It is often said that alternatives perform one of two roles within a portfolio: they are either “alpha drivers” or “beta reducers.” Depending on the individual long/short manager, they can fill either role.
In the previous table, we saw how the sensitivity to the market, as measured by beta and R-squared, varies widely from fund to fund. These numbers should help an analyst or investor determine which role an individual long/short manager might play within a portfolio.
Compared to the typical long/short manager, the Defined Risk Strategy (DRS) approaches the market from the opposite end of the spectrum. While the overall goal is roughly the same—to produce respectable absolute returns through bull and bear markets—the way they seek to accomplish that goal is completely different. One of the fundamental precepts of the DRS is that it is difficult, if not impossible, to identify those stocks that will outperform or underperform on a consistent basis. In contrast, a long/short fund’s entire value proposition is based upon investing long outperforming stocks and shorting underperforming stocks.
The DRS seeks broad market exposure, utilizing broad and liquid ETFs to gain robust coverage of an asset class. Risk is managed utilizing broad-based options on those same asset classes. The DRS’s primary drivers of returns are its buy-and-hold market exposure, its hedging, and its premium collection. All three of these components are at an asset class level and are designed to provide value in different types of markets (i.e. rising, falling, or flat, respectively). The DRS can be described as a “top-down” manager whereas a long/short approach is the epitome of a “bottom-up” style.
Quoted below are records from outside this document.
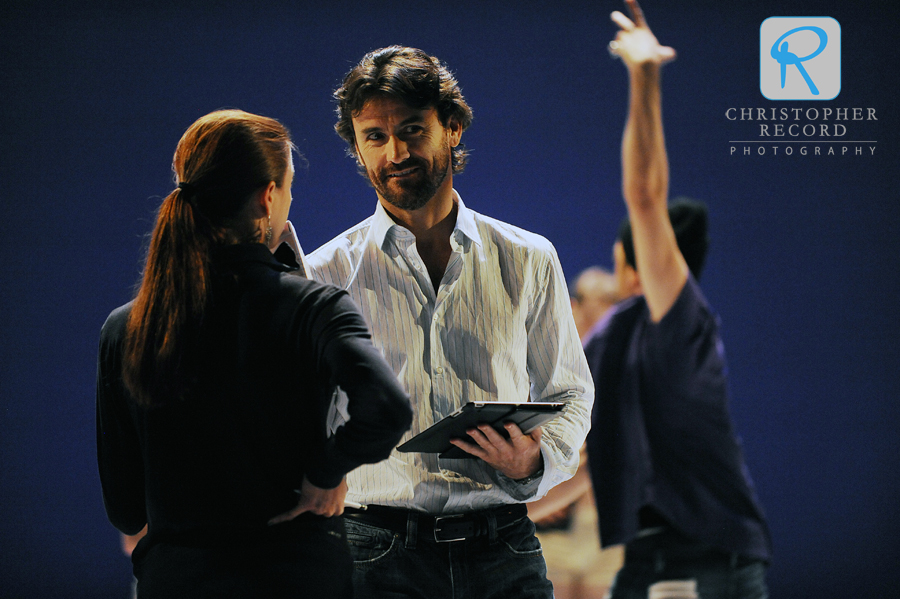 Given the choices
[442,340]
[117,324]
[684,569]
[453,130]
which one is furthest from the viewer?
[684,569]

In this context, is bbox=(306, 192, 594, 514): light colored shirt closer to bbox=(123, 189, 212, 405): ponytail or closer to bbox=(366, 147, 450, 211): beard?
bbox=(366, 147, 450, 211): beard

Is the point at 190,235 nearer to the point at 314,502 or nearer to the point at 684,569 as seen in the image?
the point at 314,502

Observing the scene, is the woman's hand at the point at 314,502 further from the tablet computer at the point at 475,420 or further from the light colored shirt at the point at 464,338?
the light colored shirt at the point at 464,338

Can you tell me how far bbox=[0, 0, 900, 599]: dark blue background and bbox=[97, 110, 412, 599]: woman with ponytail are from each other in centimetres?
216

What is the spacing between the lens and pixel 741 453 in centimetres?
349

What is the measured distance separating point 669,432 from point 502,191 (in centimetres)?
125

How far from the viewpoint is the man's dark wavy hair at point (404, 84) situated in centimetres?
202

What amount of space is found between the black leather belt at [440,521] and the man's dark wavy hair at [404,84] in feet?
3.23

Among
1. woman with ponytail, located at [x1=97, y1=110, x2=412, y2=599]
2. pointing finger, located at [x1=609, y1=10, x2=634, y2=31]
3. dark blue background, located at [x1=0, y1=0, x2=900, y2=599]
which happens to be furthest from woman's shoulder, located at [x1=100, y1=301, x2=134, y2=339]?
pointing finger, located at [x1=609, y1=10, x2=634, y2=31]

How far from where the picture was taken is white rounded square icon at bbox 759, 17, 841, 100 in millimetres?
3580

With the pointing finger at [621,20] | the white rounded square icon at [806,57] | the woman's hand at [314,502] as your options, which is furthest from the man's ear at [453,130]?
the white rounded square icon at [806,57]

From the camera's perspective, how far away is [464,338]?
6.54 feet

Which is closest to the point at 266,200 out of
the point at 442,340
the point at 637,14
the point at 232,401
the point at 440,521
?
the point at 232,401

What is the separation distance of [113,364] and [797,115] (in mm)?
3223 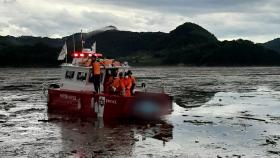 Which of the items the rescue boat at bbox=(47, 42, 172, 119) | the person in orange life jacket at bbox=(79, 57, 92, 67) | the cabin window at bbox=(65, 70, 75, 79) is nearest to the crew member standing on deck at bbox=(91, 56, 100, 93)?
the rescue boat at bbox=(47, 42, 172, 119)

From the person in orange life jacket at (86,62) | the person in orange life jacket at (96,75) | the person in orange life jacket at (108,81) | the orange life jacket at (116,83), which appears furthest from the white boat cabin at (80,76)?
the orange life jacket at (116,83)

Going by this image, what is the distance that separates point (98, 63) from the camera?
24000mm

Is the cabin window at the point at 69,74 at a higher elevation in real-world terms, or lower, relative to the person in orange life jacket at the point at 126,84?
higher

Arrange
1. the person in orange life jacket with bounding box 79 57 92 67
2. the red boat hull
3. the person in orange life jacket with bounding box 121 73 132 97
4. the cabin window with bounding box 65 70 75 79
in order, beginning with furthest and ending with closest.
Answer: the cabin window with bounding box 65 70 75 79 → the person in orange life jacket with bounding box 79 57 92 67 → the person in orange life jacket with bounding box 121 73 132 97 → the red boat hull

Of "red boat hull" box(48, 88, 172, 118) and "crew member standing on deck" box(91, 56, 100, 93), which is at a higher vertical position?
"crew member standing on deck" box(91, 56, 100, 93)

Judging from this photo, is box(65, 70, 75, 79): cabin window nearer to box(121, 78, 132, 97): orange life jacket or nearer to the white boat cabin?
the white boat cabin

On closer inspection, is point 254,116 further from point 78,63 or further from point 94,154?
point 94,154

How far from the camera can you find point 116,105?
22.3 m

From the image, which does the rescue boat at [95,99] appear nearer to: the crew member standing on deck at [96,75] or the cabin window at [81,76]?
the cabin window at [81,76]

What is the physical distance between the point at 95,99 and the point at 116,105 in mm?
1359

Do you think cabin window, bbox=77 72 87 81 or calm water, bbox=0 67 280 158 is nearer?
calm water, bbox=0 67 280 158

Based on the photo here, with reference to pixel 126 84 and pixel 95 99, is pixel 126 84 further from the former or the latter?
pixel 95 99

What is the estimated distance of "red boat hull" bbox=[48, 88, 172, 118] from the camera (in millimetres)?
22197

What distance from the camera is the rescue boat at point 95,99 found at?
878 inches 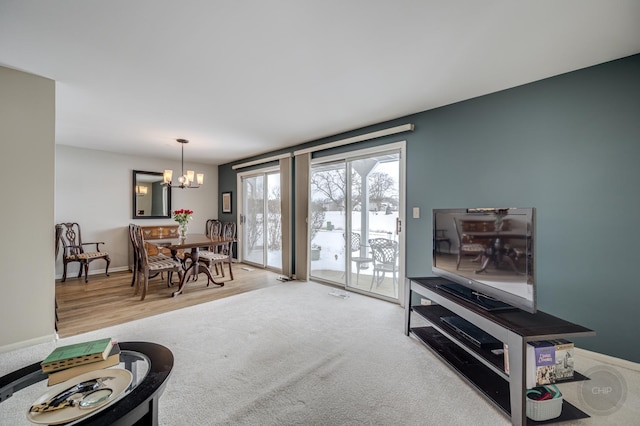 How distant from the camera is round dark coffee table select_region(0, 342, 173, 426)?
0.98m

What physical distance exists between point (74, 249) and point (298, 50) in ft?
17.6

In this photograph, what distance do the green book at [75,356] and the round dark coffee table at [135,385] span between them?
0.10 meters

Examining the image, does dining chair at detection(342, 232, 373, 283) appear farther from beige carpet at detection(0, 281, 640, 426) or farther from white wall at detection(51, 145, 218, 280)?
white wall at detection(51, 145, 218, 280)

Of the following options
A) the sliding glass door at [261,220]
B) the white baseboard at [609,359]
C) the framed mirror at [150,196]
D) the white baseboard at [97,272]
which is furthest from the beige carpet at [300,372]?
the framed mirror at [150,196]

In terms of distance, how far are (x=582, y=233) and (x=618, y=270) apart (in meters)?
0.34

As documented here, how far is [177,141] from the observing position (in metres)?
4.45

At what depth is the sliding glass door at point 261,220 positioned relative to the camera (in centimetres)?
537

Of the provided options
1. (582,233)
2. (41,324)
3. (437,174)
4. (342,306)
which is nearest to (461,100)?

Because the value propositions of a typical long/short manager and the DRS are so fundamentally different, a case could be made for pairing the two together. The two strategies approach investing in such different ways that they could form a complementary partnership. Specifically, a long/short fund with more upside market capture and higher beta could be a nice potential candidate for pairing with the DRS, since the DRS has traditionally been used in a risk-reducing role. This would be an example of combining an “alpha driver” with a “beta reducer.”